GIVEN DATA START

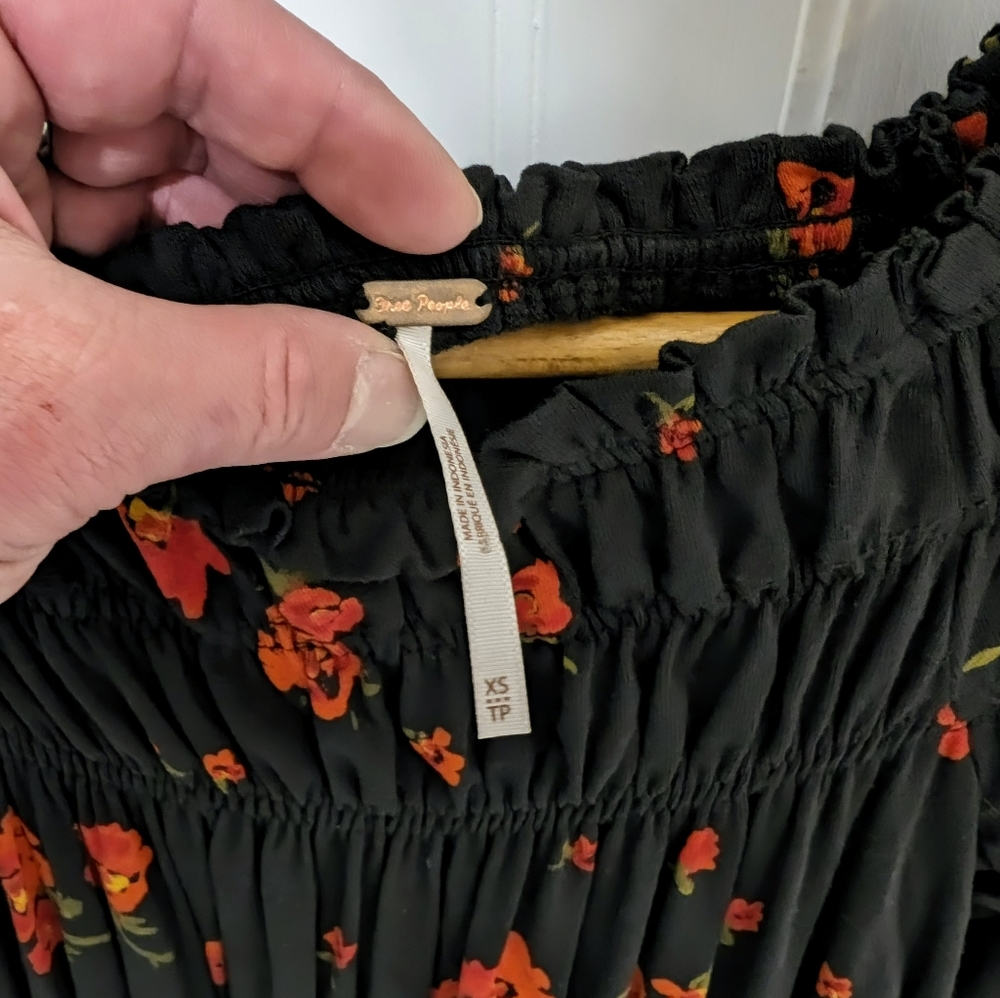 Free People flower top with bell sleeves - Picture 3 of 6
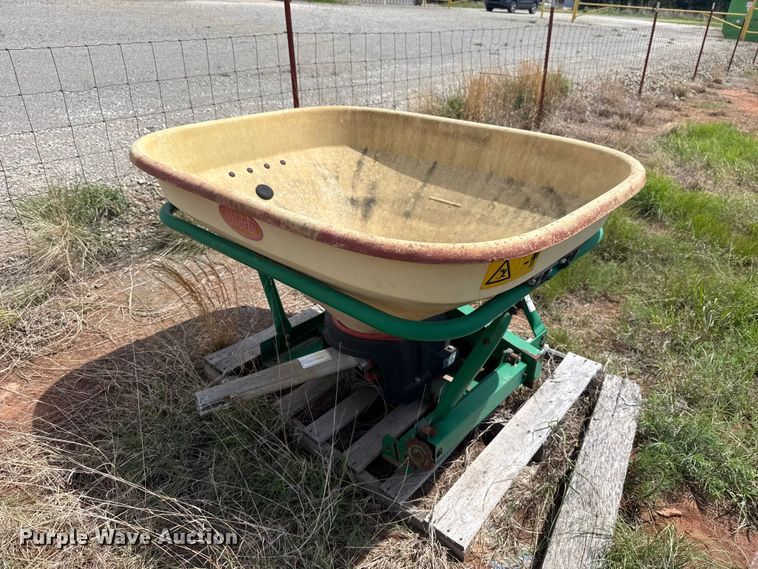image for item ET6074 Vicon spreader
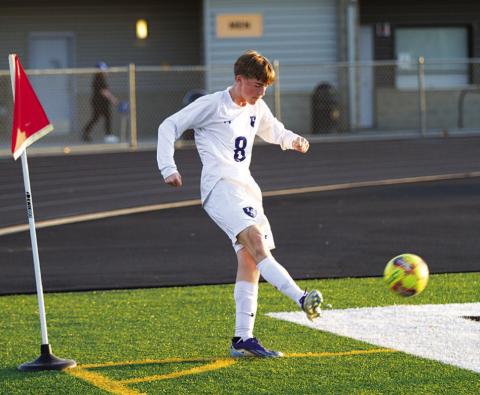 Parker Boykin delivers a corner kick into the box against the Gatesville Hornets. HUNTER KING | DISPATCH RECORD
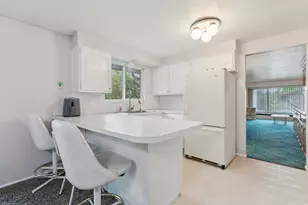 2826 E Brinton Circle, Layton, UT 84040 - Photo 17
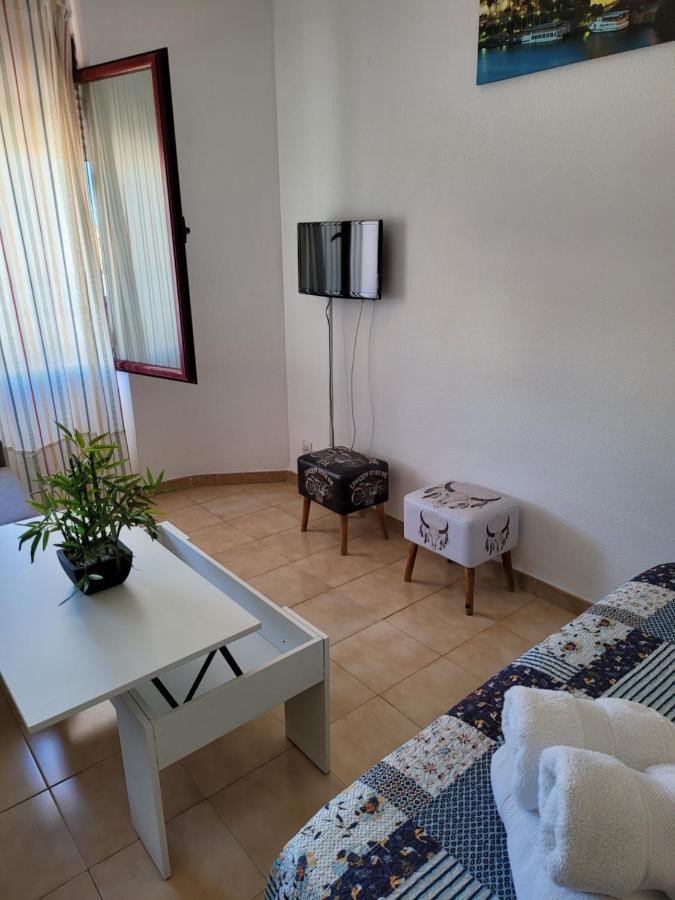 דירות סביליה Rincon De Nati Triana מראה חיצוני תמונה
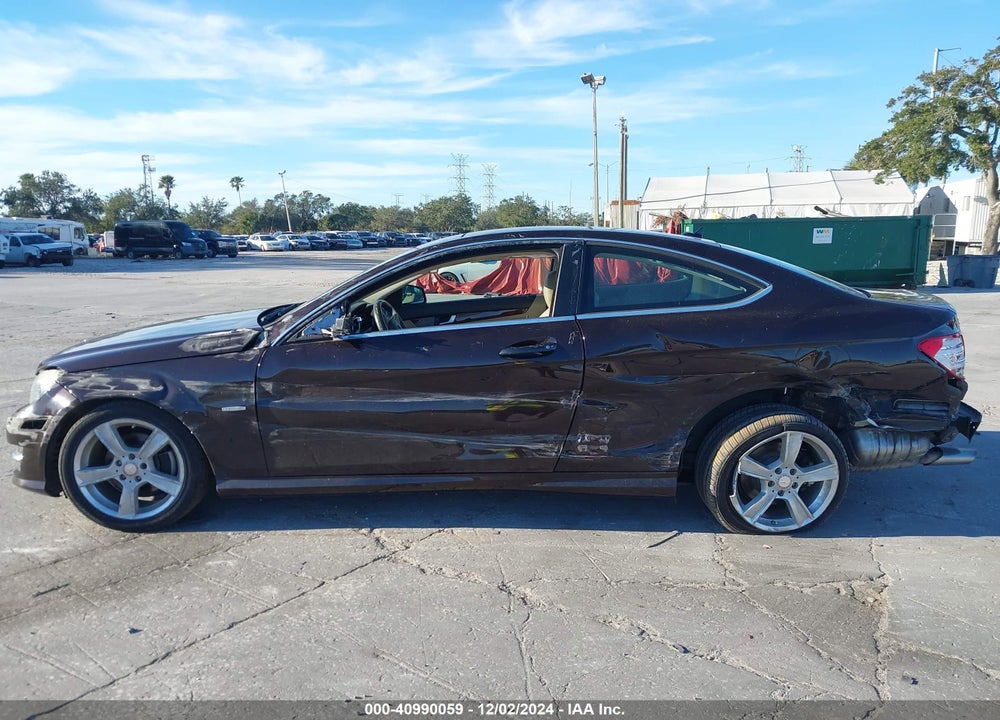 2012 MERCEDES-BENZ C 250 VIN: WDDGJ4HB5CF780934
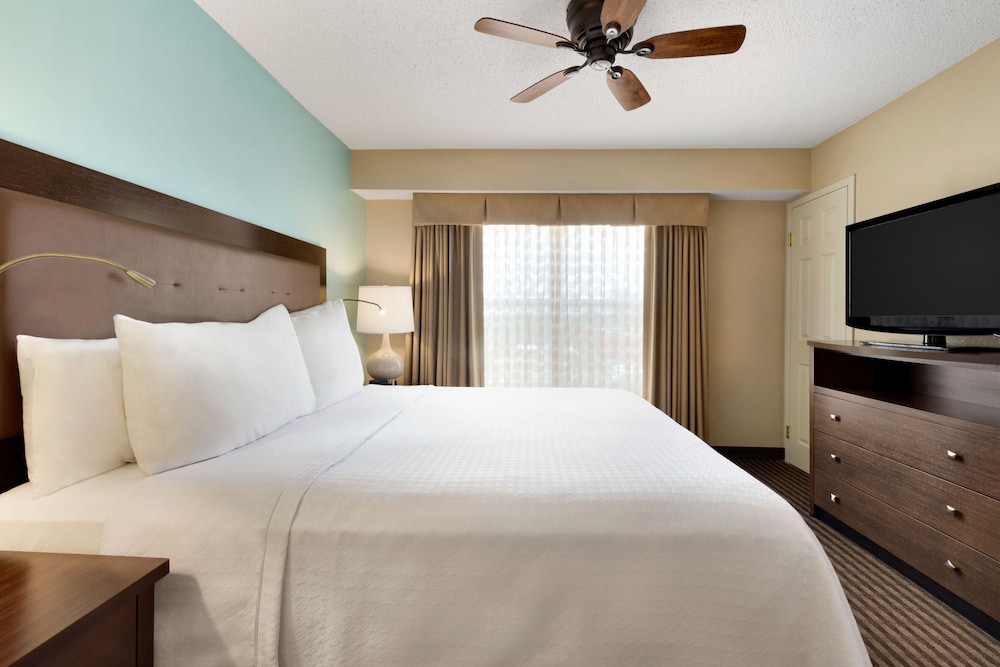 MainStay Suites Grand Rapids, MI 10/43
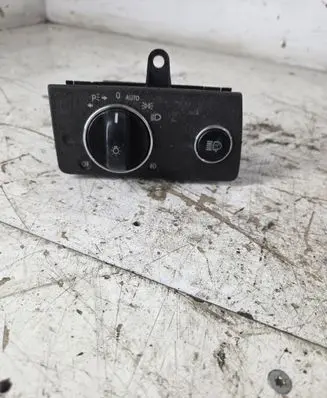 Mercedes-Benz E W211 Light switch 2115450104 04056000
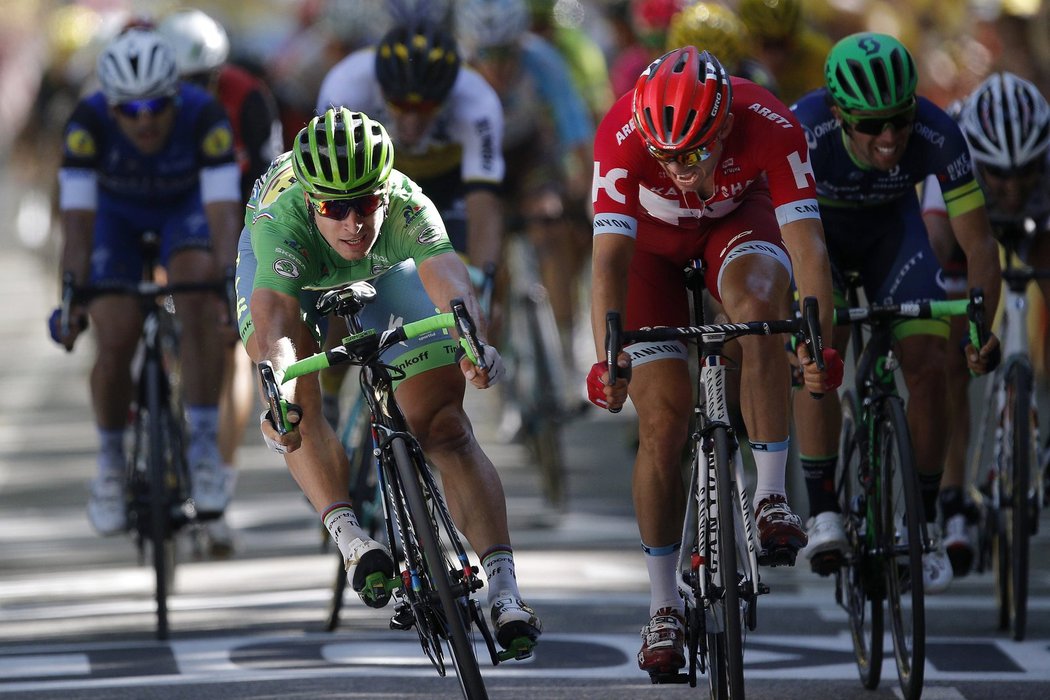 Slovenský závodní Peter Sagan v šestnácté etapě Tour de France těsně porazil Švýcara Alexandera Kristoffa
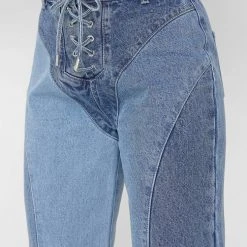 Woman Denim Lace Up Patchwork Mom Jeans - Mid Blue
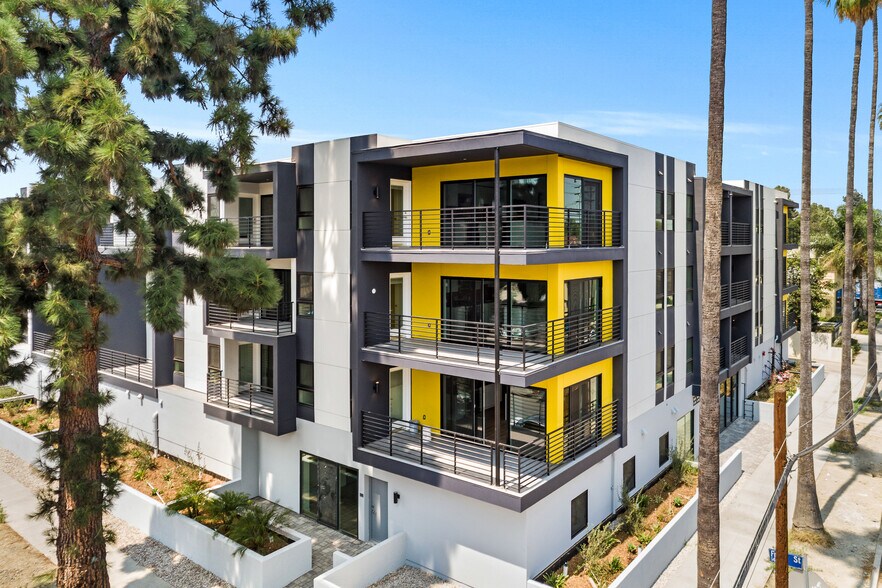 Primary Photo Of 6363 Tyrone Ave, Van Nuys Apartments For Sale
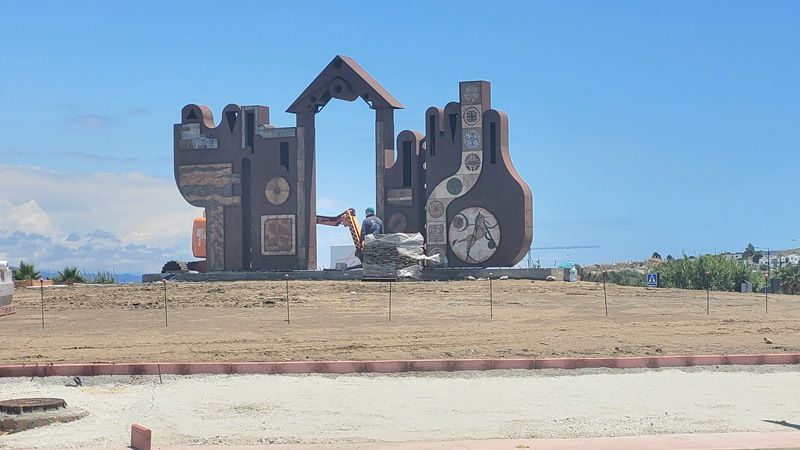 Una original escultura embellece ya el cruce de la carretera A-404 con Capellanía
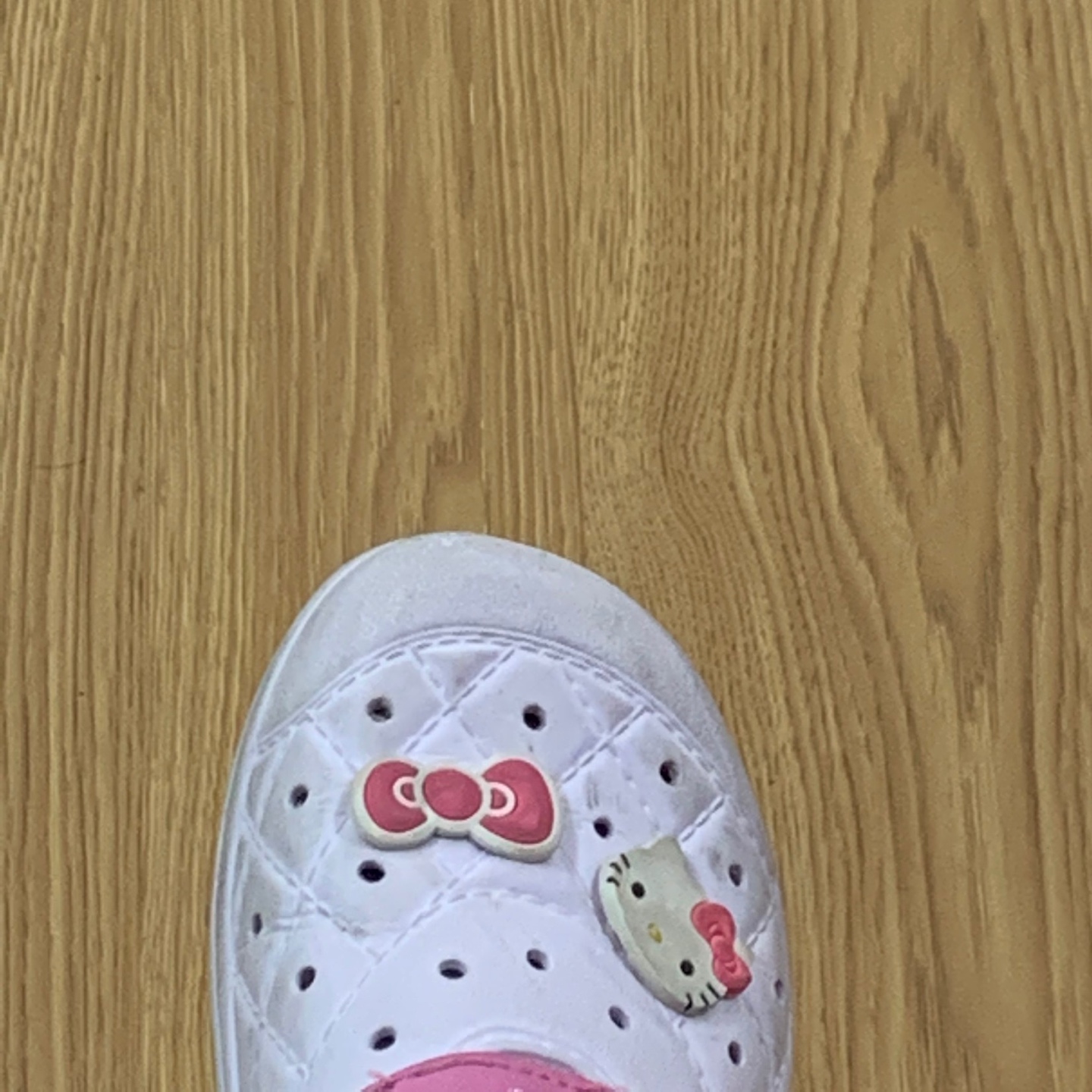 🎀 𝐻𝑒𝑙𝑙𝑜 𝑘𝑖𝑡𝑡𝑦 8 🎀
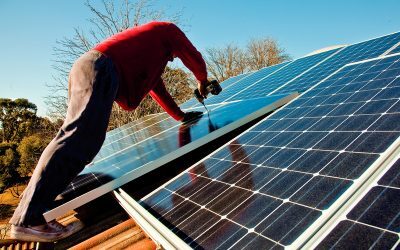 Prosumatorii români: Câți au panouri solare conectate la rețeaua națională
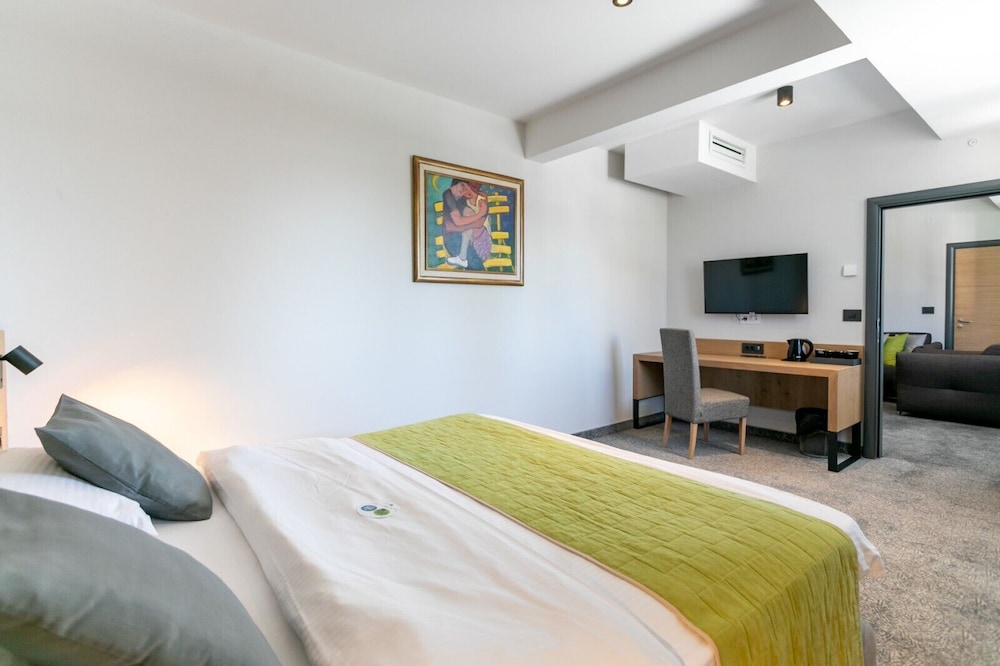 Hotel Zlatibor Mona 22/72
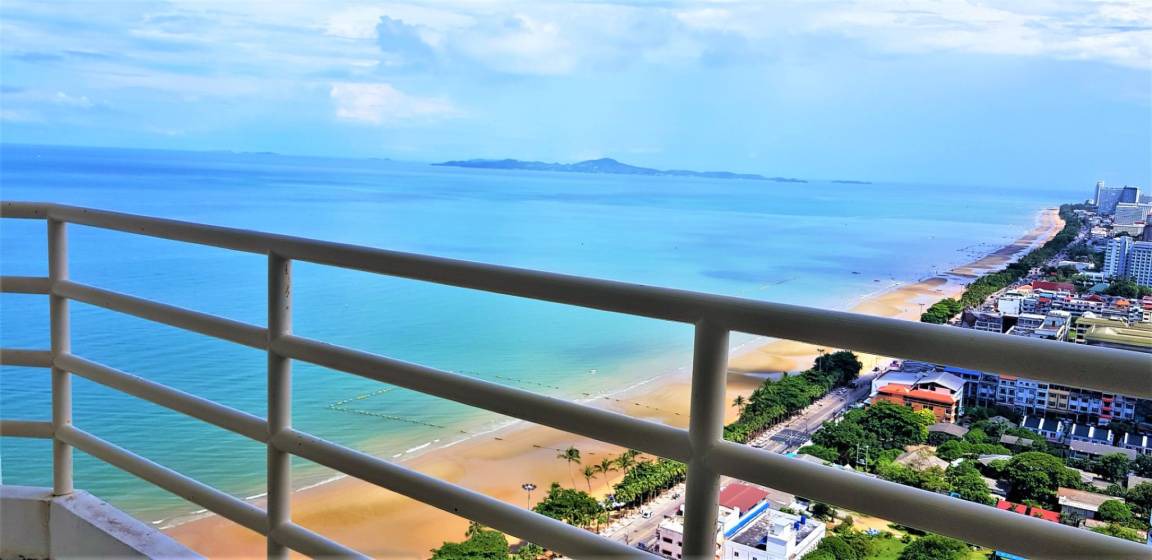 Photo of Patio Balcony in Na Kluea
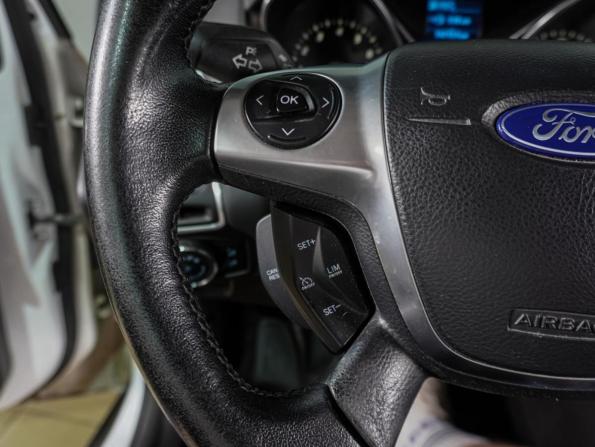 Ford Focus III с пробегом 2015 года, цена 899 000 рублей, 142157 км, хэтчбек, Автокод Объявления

GIVEN DATA END

## WORK REQUIRED
Write every line above out again exactly; pictures do not belong in the copy.

## RESPONSE
 Free People flower top with bell sleeves - Picture 3 of 6
image for item ET6074 Vicon spreader
 Parker Boykin delivers a corner kick into the box against the Gatesville Hornets. HUNTER KING | DISPATCH RECORD
 2826 E Brinton Circle, Layton, UT 84040 - Photo 17
 דירות סביליה Rincon De Nati Triana מראה חיצוני תמונה
 2012 MERCEDES-BENZ C 250 VIN: WDDGJ4HB5CF780934
 MainStay Suites Grand Rapids, MI 10/43
 Mercedes-Benz E W211 Light switch 2115450104 04056000
 Slovenský závodní Peter Sagan v šestnácté etapě Tour de France těsně porazil Švýcara Alexandera Kristoffa
 Woman Denim Lace Up Patchwork Mom Jeans - Mid Blue
 Primary Photo Of 6363 Tyrone Ave, Van Nuys Apartments For Sale
 Una original escultura embellece ya el cruce de la carretera A-404 con Capellanía
 🎀 𝐻𝑒𝑙𝑙𝑜 𝑘𝑖𝑡𝑡𝑦 8 🎀
 Prosumatorii români: Câți au panouri solare conectate la rețeaua națională
 Hotel Zlatibor Mona 22/72
 Photo of Patio Balcony in Na Kluea
 Ford Focus III с пробегом 2015 года, цена 899 000 рублей, 142157 км, хэтчбек, Автокод Объявления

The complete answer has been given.